Causal relation between Pr-site distortions and mixed Pr valence in PrBa2Cu3O7

Ascertain the causal relationship between the in-plane Pr-site distortion associated with the quasi-commensurate Q1=(δ1,0,0) super-lattice and the mixed Pr3+/Pr4+ valence arising from Pr 4f–O 2p hybridization (Fehrenbacher–Rice state) in PrBa2Cu3O7, determining whether the structural distortion drives the hybridization and mixed valence or whether the hybridization induces the distortion, and characterize the mechanism linking these two phenomena.

Background

The paper identifies two distinct ordering vectors in Y1−xPrxBa2Cu3O6+y: a quasi-commensurate Q1=(δ1,0,0) order that resonates at the Pr and out-of-plane Cu sites, and a weaker, temperature-dependent Q2=(δ2,0,1/2) order resonating at the in-plane Cu site, interpreted as a charge-density wave. The Q1 order is strongest in PrBa2Cu3O7 (PBCO) and is interpreted as a Pr-related super-lattice structure with in-plane Pr distortions.

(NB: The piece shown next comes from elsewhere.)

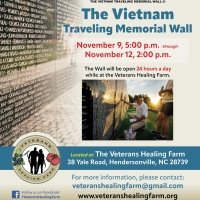Vietnam Traveling Wall at Veterans Healing Farm in Hendersonville
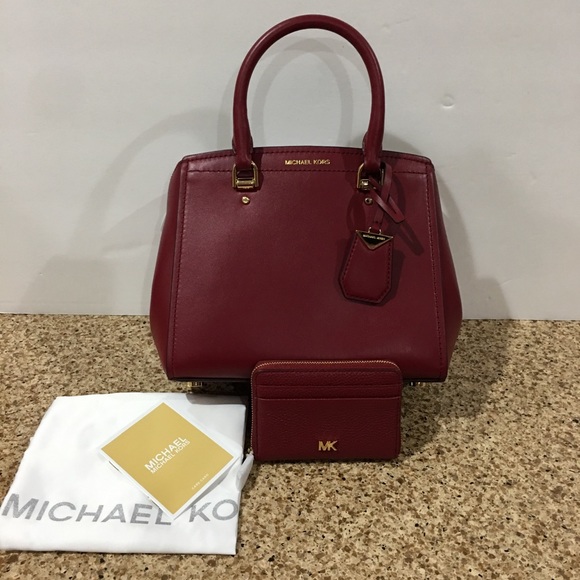 Michael Kors Medium Benning Leather Satchel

Within symmetry analysis, several orthorhombic and monoclinic subspace groups are allowed for the observed ordering vector, and in all cases in-plane Pr distortion modes are present. However, the authors note that the causal connection between these Pr-site distortions and the mixed Pr valence due to oxygen hybridization (a key ingredient of the Fehrenbacher–Rice scenario) is not established, motivating a focused investigation of how structural and electronic hybridization effects are intertwined in PBCO.